With two songs left in the set, Blythe thanked all the bands that shared the bill, and for In Flames, he said he had to try his best black metal. The guitar riff was too fast at first, and so the band tried again, and Blythe delivered some rapidfire guttural vocals. It may have lasted the length of eight runs through of "You Suffer" by Napalm Death, prompting Blythe to joke, "We just wrote five black metal records."

After that, he made mention of how Denver is a big city, especially compared to Richmond, Virginia, but that even so, this was the West and we have some redneck tendencies. "I can smell my own people," Blythe declared. "We know why you're here with us tonight. You're just a bunch of rednecks." Of course the song that followed was the funny but also fiery "Redneck," followed by "Black Label," which closed the show.

When In Flames took the stage just before Lamb of God, a blue light flowed together with streaming blue lights giving the sense of water. Once everyone was in place a distorted chord went directly into the song, "Sounds of a Playground Fading," and when the final strains of the song rang out the band went into "Where the Dead Ships Dwell." Afterward, Anders Fridén pointed to a fan in the crowd who appeared to be nodding off and asked if he was falling asleep. Turns out he was just stoned, as Fridén related to us.
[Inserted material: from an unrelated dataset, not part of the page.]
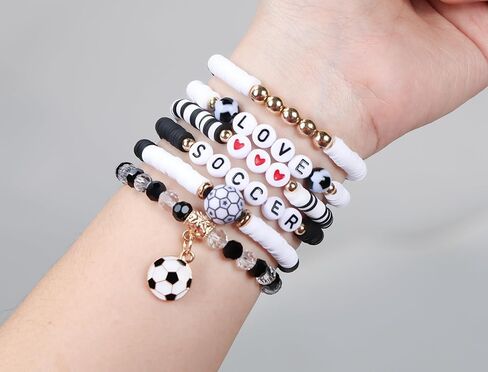 NextArt Soccer Bracelets for Girls, 6PCS Stackable Soccer Beaded Bracelet Set, Soccer Jewelry Gifts for Players, Daughters, Teammates, Team Game Day Accessories. in Saudi Arabia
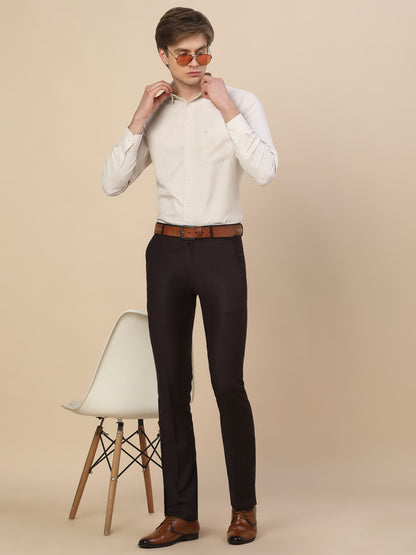 Formal Trouser for Men | Breathable & Soft with Color Fastness Regular Fit Terry Rayon Fabric Check Pattern Hook & Bar Closure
At this point, the In Flames frontman borrowed a camera from someone in the front and took a picture of the audience and remarked, "You all look good! Even the stoned ones." Some guy lifted up his shirt in front and Fridén laughed and said, "I don't want to see your titties. You're a man." He paused and then said, "But you do have titties." Fridén sprinkled this good natured ribbing throughout the show and kept the energy lively and fun.

Between the more fluidly dynamic "Cloud Connected" and "Fear is the Weakness," with its impressive display of creative double-kick drumming, Fridén offered some more levity: "I wanna smell Denver!" he began. "I really want people to come down from the bar and throw away that shitty beer you're drinking. It's probably Budweiser or something like that. You should be drinking Avery, Great Divide or Oskar Blues. Life is too short to be drinking shitty beer."

"Deliver Us" sounded a bit different for the band, as it made use of a thick electronic bass pulse in the beginning with synths that blended well with the pummeling thrash riff that came crashing in early into the song. When the song ended, Fridén said they were humbled to come here from "a shitty little country called Sweden to play." Then he wryly, and matter-of-factly, pointed out, "Even though our hockey team could come over and kick yours asses any day." Of course people booed and laughed. "I guess I didn't make any friends with that one."

In Flames closed with "My Sweet Shadow" and after the song got going, Fridén told us, "From the bottom of our cold, cold, cold Swedish hearts, Denver, goodbye for tonight." Gotta hand it to this band who plays such technically demanding music so furiously; the stage banter in a foreign language is every bit as engaging as their playing and better, for that matter, than many bands from here who are native speakers.


Personal Bias: Already liked Lamb of God's mix of death metal, grind and hardcore before the show and appreciated a lot more at the show.

Random Detail: Ran into Ray Koren of Thee Dang Dangs after the show.

By the Way: This was one of the best audiences I've seen at a show. Very enthusiastic and respectful.